Quanto à militância incursionista,já teve melhores dias, dias em que escrever era um imperativo interior, dias em que a inspiração não faltava. Mas lá vou, menos regularmente do que gostaria, tentando ao menos construir a tal memória. A dificuldade, np índice temático, é nomear as categorias! São tão redutoras... por exemplo:como classificar num "directório", muitos dos seus melhores escritos, compadre? Filosofia? Ética? Cidadania? Politologia?( não sei se é um neologismo, ando encanitada com a moda de apresentar comentadores na TV como politólogos, mas tive preguiça de investigar). Já aqui pedi sugestões... mas a verdade é que ainda nem saí dos primórdios do item "Poesia"!(dos demais já criados apenas o "Justiça" e a "Formação" estão ainda manifestamente incompletos).

Kamikaze (L.P.) disse...

Precisão: a "sua" "memória neo-realista" é minha, claro :)
Aproveitando a sua sugestão mais acima, para fazer um link para o comentário da Eugênia, vou colocar link para todo este diálogo no item Poesia (índice temático).

Primo de Amarante disse...

Já viu, querida Amiga, que se não fosse a sua metódica militância incursionista não tinhamos, hoje, aquele post luminoso que a Amélia colocou.
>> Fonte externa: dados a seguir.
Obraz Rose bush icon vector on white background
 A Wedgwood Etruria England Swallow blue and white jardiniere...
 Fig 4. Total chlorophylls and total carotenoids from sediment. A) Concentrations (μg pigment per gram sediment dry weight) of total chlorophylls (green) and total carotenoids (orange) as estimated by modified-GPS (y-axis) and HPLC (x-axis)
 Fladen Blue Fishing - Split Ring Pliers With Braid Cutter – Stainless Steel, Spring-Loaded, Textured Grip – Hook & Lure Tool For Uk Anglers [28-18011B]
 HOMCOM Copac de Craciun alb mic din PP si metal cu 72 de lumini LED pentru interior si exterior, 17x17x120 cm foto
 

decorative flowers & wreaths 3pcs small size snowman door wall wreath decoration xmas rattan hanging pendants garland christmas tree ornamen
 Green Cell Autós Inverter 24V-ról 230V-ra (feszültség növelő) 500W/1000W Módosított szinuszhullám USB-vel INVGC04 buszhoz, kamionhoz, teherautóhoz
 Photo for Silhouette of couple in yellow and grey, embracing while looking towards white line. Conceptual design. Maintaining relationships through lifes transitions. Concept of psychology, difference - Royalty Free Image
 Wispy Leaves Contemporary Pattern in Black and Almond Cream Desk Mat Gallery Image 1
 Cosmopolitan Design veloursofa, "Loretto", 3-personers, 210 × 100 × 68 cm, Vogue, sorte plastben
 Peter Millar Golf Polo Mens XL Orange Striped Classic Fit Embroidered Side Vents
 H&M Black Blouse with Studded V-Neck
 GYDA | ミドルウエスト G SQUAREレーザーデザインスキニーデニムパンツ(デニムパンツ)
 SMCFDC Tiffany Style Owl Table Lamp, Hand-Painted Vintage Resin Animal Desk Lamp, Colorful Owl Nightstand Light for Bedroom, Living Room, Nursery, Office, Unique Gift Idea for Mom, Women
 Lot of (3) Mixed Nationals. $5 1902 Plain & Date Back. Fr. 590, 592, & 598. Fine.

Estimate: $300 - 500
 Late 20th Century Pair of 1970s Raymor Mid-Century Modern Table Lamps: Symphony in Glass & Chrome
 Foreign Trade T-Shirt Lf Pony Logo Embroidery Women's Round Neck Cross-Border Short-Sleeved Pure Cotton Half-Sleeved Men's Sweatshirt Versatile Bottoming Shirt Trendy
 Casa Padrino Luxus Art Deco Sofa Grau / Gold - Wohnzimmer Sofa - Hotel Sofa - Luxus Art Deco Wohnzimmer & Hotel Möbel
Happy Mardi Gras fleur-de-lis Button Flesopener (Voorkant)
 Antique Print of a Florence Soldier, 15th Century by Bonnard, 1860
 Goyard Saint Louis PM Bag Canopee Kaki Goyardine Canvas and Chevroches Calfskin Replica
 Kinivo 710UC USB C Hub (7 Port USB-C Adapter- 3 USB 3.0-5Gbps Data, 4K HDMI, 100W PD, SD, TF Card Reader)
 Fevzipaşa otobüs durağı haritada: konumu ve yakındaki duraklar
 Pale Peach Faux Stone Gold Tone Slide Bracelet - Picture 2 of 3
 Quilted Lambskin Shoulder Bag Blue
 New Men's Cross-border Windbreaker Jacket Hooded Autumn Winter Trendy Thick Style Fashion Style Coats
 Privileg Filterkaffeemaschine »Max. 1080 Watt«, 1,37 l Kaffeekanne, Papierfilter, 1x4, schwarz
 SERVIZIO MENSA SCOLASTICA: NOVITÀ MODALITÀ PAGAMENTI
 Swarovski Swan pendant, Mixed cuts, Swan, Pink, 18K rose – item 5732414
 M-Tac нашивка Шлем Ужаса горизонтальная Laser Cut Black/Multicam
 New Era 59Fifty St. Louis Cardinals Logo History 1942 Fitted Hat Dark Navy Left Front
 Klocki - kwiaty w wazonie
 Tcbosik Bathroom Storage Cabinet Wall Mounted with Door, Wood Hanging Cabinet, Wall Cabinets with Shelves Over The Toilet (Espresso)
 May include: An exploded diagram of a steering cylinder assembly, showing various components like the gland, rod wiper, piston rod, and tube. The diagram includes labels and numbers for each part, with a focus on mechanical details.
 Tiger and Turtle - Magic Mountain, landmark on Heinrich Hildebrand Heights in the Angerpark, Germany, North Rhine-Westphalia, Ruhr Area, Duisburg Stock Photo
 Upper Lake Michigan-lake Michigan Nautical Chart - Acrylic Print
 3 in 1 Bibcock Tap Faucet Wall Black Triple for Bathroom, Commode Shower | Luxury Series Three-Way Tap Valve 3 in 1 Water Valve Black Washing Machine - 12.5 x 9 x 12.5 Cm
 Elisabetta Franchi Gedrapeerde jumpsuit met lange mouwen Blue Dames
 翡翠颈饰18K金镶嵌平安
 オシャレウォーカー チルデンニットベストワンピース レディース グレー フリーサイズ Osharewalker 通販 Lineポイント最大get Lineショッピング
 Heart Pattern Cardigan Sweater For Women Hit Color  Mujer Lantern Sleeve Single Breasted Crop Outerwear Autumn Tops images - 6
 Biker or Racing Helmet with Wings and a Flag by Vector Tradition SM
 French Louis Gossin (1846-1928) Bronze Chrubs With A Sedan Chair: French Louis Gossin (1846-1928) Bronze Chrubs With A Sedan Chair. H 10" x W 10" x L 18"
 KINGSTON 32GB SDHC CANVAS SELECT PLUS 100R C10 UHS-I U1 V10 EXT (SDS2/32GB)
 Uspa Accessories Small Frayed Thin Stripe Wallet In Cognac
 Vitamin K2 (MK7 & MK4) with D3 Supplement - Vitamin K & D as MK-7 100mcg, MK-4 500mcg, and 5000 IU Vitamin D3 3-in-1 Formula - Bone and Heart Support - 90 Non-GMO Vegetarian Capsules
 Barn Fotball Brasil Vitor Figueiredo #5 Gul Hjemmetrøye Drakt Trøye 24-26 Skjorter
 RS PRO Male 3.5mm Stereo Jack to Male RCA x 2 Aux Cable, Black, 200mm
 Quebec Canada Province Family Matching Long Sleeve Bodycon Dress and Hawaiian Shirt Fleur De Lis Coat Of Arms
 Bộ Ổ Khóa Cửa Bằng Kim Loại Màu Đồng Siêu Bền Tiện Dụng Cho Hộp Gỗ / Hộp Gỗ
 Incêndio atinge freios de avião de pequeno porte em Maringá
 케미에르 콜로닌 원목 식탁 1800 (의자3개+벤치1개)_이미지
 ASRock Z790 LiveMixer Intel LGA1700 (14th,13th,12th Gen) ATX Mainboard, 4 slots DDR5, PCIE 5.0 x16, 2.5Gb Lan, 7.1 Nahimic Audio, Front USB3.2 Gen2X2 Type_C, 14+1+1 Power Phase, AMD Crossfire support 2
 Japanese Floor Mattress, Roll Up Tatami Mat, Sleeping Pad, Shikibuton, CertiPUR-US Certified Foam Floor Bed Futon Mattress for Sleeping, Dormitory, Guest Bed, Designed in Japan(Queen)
Aquilo obriga a mastigação cuidada. Mas eu vou provovar a nossa querida Amélia com algumas achegas. Hoje, fico a fazer o quilo.Além disso, estou triste, sem aquela veia anímica. Mas amanhã, com mais disponibilidade, vou à luta.
Quanto ao directório, ponha lá aquilo por que me esforço: SER SOLIDÁRIO.
Um abraço,
do compadre neo-relista.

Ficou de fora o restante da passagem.